Notre dossier "L'alya d'aujourd'hui et ses nouveaux sionistes"a commencé en Israël où nous sommes allés à la rencontre des nouveaux immigrants afin de connaître leurs motivations, leur vie actuelle en Israël,
puis à la rencontre des responsables de l'intégration en Israël.
Nous voulions connaître également la position des acteurs principaux de la communauté juive en France. Sont-ils favorables à l'alya ?
N'y a-t-il pas un conflit d'intérêt entre l'alya et les institutions juives de France ?
Nous avons rencontré l'un des plus important représentant de la communauté juive de France, Monsieur Pierre Besnainou qui depuis 2006 est le Président du FSJU - Fond Social Juif Unifié- le poumon financier de la communauté qui collecte des fonds à travers l'Appel juif unifié de France, finance les oeuvres sociales, les écoles juives.
En 2004, Pierre Besnainou a été l'organisateur de l'opération "Sarcelles d'abord" qui visait à faire émigrer vers Israël une partie des juifs de France, avec l'appui logistique de l'Agence juive, l'organisme israélien chargé de favoriser l'alyah -
En 2005 il a créé sur ses propres fonds, l'aide au départ, l'AMI (Alyah meilleure intégration) dont les bureaux sont à Jérusalem.

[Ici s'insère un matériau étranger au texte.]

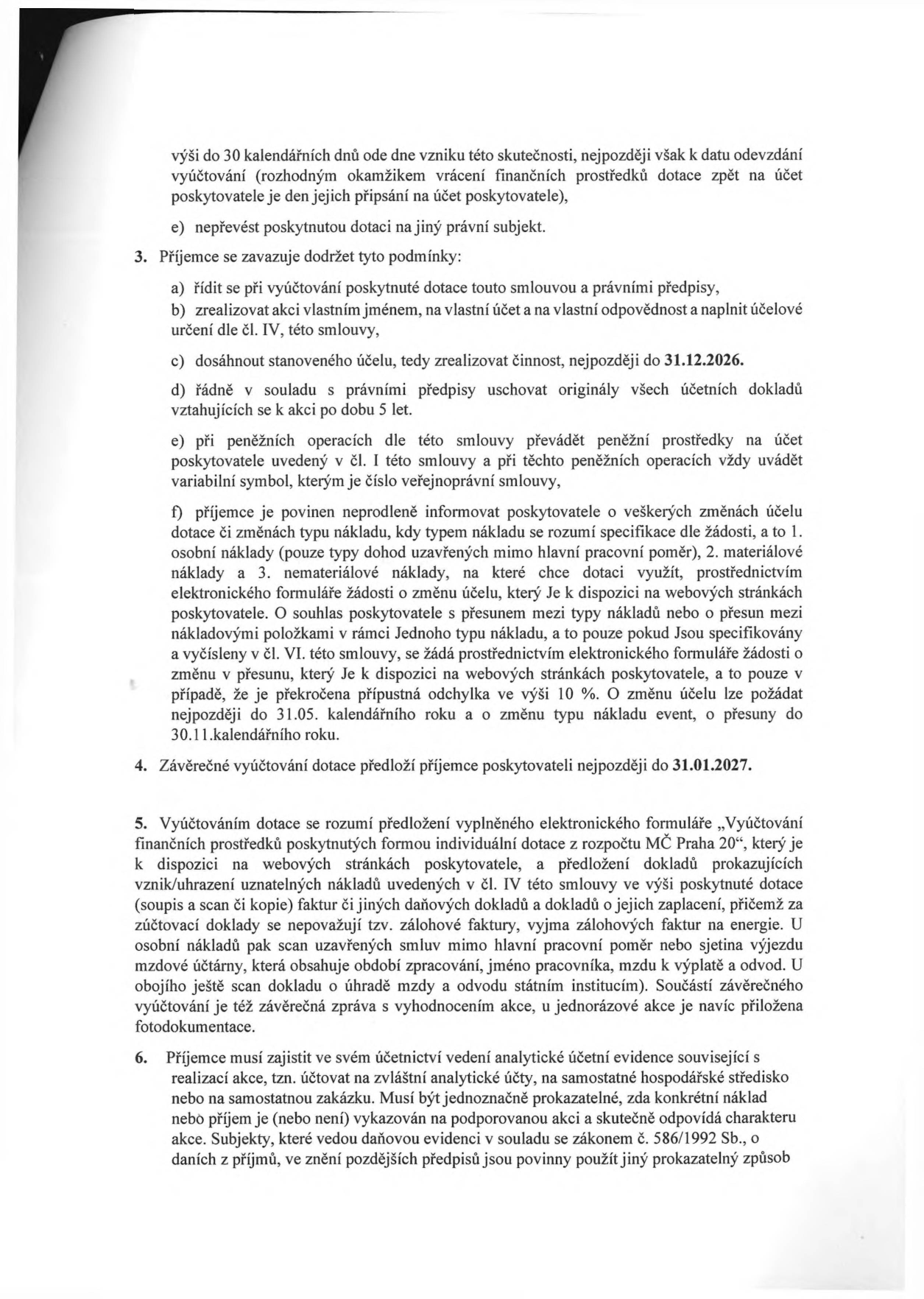 Výňatek ze smlouvy o poskytnutí dotace: 3. Příjemce se zavazuje dodržet tyto podmínky: a) řídit se smlouvou a předpisy, b) realizovat akci vlastním jménem a na vlastní účet, c) dosáhnout účelu do 31.12.2026, d) uschovat originály dokladů po dobu 5 let, e) při platbách uvádět variabilní symbol (číslo smlouvy), f) informovat o změnách účelu či typu nákladů (osobní, materiálové) dle pravidel (změna účelu do 31.05., změna typu nákladů do 30.11.). 4. Závěrečné vyúčtování do 31.01.2027. 5. Definice vyúčtování: elektronický formulář 'Vyúčtování finančních prostředků poskytnutých formou individuální dotace z rozpočtu MČ Praha 20', doložení faktur, dokladů o zaplacení, u osobních nákladů smluv a mzdových výkazů, závěrečná zpráva a fotodokumentace. 6. Povinnost vést analytickou účetní evidenci pro danou akci.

Ainsi cet homme qui a lancé l'idée de la double nationalité pour les juifs de France, ce que Roger Cukierman - président du CRIF à l'époque -estimait contraire au patriotisme français, cet homme venu de Tunisie en 1972, qui a toujours eu foi dans un dialogue entre juifs et musulmans, cet homme qui revendique depuis toujours la double gratitude envers la France et Israël quelle est son regard à l'aube des événements qui secouent violemment les fondations même de la communauté juive de France ?
Sa position vis à vis de l’alya alors qu’il est aujourd’hui dans un engagement communautaire en France a-t-elle changée ?
Claudine Douillet -La situation économique et politique de la France, poussent de plus en plus de Juifs à quitter le pays pour faire leur alya. Comment analysez-vous la situation ?
Pierre Besnainou : S’il y a aujourd'hui une personne dont on ne peut mettre en doute son engagement vis à vis d'Israël et pour favoriser l'alya, c'est bien moi. Mon engagement pour l'alya, depuis plus de 10 ans, date de la création de l'AMI est toujours aussi fort. Je reste convaincu qu’il faut permettre aux Juifs de France qui le souhaitent de s'installer en Israël dans les meilleures conditions. Israël plus qu’un merveilleux pays, porte notre Histoire, nos engagements, beaucoup de nos rêves aussi. Encourager, soutenir celles et ceux et qui désirent y vivre est donc à mes yeux fondamental.
Claudine Douillet - Ne pensez-vous pas que le départ vers Israël de ces Juifs, pour la plupart aisés, risque de mettre en péril ceux qui ne le pourront pas pour des raisons essentiellement économiques, notamment par le manque de logements sociaux en Israël ?
Pierre Besnainou – Ceux qui partent aujourd’hui ne sont pas comme vous semblez le penser « pour la plupart aisés ». Lorsqu’on a de l’argent, excusez-moi d’être trivial, on peut vivre très bien, partout. Décider de partir vivre en Israël est un choix guidé par un idéal profond ; un choix à la fois éminemment réfléchi, car il n’est pas si simple, mais également « tripal ». Combien de jeunes que j’ai rencontré m’ont dit : « Je suis parti parce qu’il était évident que ma vie était écrite là-bas. » Le mot « évident » m’a toujours interpellé car c’est celui qui revient le plus dans les témoignages.
Claudine Douillet - Tous les Juifs de France n'ont pas les moyens d'acheter un appartement en Israël…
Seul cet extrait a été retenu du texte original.